California Federal Bank was awarded just $23 million in damages Friday in the latest court decision in the regulatory goodwill cases.

The thrift, a subsidiary of Golden State Bancorp, San Francisco, was seeking $1.5 billion of damages to compensate for the government's eliminating supervisory goodwill after Cal Fed acquired five failing thrifts in the early 1980s.

In a statement Sunday, Cal Fed vowed to appeal the "flawed" decision.

"Coming nearly 10 years after the government broke its promises to Cal Fed, the $23 million award falls far short of Cal Fed's actual damages," the thrift said. A spokesman for Cal Fed declined to comment further.

The small judgment elated the Justice Department and tempered the enthusiasm of dozens of thrifts that have filed similar lawsuits.

The decision is the second damages award in more than 100 pending regulatory goodwill suits, which stem from the government's 1989 decision to eliminate favorable accounting treatment granted to acquirers of ailing thrifts.

The lawsuits-which basically argue that the government broke its promise to let thrifts subtract from their capital the value of intangible assets- seek a collective $20 billion.

A week earlier, Chief Judge Loren A. Smith of the Federal Claims Court granted Glendale Federal Bank $909 million. Experts predicted that a slew of large awards would follow.

But Judge Robert H. Hodges Jr. rejected similar arguments in Cal Fed's case.

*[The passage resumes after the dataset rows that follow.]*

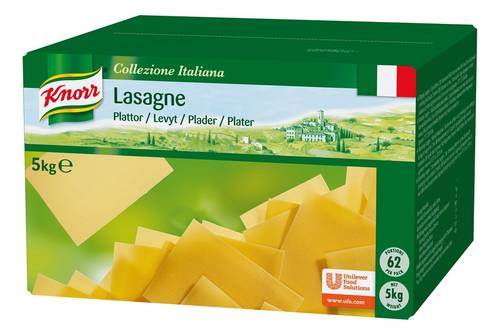 Lasagneplattor, 5 kg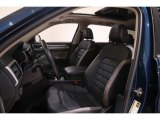 2021 Volkswagen Atlas SEL R-Line 4Motion Titan Black/Quartz Interior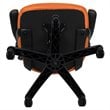 Flash Furniture High-Back Ergonomic Mesh Office Swivel Chair in Orange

He ruled that Cal Fed did not deserve "restitution" damages equal to the value of services it provided to the government and the earnings lost because of the breach of contract. Such damages represented a substantial portion of Glendale's win, but Judge Hodges said Cal Fed may have actually benefited from the businesses it acquired.

Judge Hodges also dismissed Cal Fed's demand for repayment of higher insurance and examination costs because he said there was no proof that the government's repeal of supervisory goodwill was the cause.

He said the thrift should recoup only the transactional costs of raising new capital to replace supervisory goodwill.